You need to cut contact with both of them as much as possible. They’re two extremely dysfunctional people who can’t be reasoned with, the reasons why don’t actually matter, that’s not your responsibility. The only thing that matters here is that it’s inappropriate contact and she shouldn’t be having any contact with you at all, block her.

Communicate with your ex-husband on a needs must basis about your child. I would make it very clear that any other unwanted communications will be logged as harassment. If your child is young it may be worth communicating through a parenting app only and having a neutral third party do hand-overs.

Strawberrypjs · 05/06/2025 16:06

Hyperbowl · 05/06/2025 15:56

You need to cut contact with both of them as much as possible. They’re two extremely dysfunctional people who can’t be reasoned with, the reasons why don’t actually matter, that’s not your responsibility. The only thing that matters here is that it’s inappropriate contact and she shouldn’t be having any contact with you at all, block her.

Communicate with your ex-husband on a needs must basis about your child. I would make it very clear that any other unwanted communications will be logged as harassment. If your child is young it may be worth communicating through a parenting app only and having a neutral third party do hand-overs.

I kept contact open so that she could chat to our child but she’s talking rubbish all the time.

OP posts:
SeventeenClovesOfGarlic · 05/06/2025 17:07

She can chat with your child when his aggressive father takes him to see his mother when he is parenting him.

It's on him to facilitate contact with his mother if he wants to.

NCtoavoidsniggering · 05/06/2025 17:23

For your sanity - try to limit contact or avoid it completely if she keeps talking like this.
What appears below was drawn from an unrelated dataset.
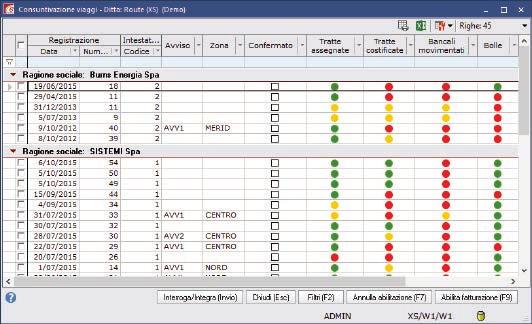 Consuntivazione e controllo viaggi Il cruscotto di consuntivazione permette innanzitutto un controllo visivo immediato degli ordini e delle tratte inserite, segnalando eventuali dati mancanti,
You don’t need to forgive her, or understand her: you just need to look after yourself.

Hyperbowl · 05/06/2025 18:10

Strawberrypjs · 05/06/2025 16:06

I kept contact open so that she could chat to our child but she’s talking rubbish all the time.

In theory that genuinely is a lovely thing to do and in normal circumstances where all adults are capable of having a functional, healthy relationship sounds marvellous, but it sadly sounds as though this is not the case. Your kindness does you credit. It sounds as though if she’s willing to enable and encourage you and therefore your child to be in a hostile and violent household then she doesn’t have her grandchild’s best interests at heart. No one who loves or cares for a child would want them to be put through that. It often causes extreme psychological damage to a child to grow up in an abusive environment. Hence probably why your husband has turned out the way that he has. Also, if you were to go back social services could deem your child not be safeguarded and neglected and could remove them from your care or at the least be heavily involved. I’m not saying you would go back to him but this is what this woman actively wants for you by her insistence that you be with him. Even if you can be sure that she wouldn’t actively hurt them, her actions could hurt them in other ways if she were to succeed in convincing you to take him back. She is abusing you by pressurising you to be with him knowing what he has done. I would be reluctant to facilitate any sort of relationship between them with that being the case. Leave that to your ex husband, that’s his business to do so and not one bit your responsibility.

Best case scenario this woman is incredibly weak-willed and that could mean that she’s being used as a pawn by your ex husband to try and gain control of your life. She may not purposefully be acting with malice but the consequences will still be the same regardless whether it’s intentional or just simply negligence.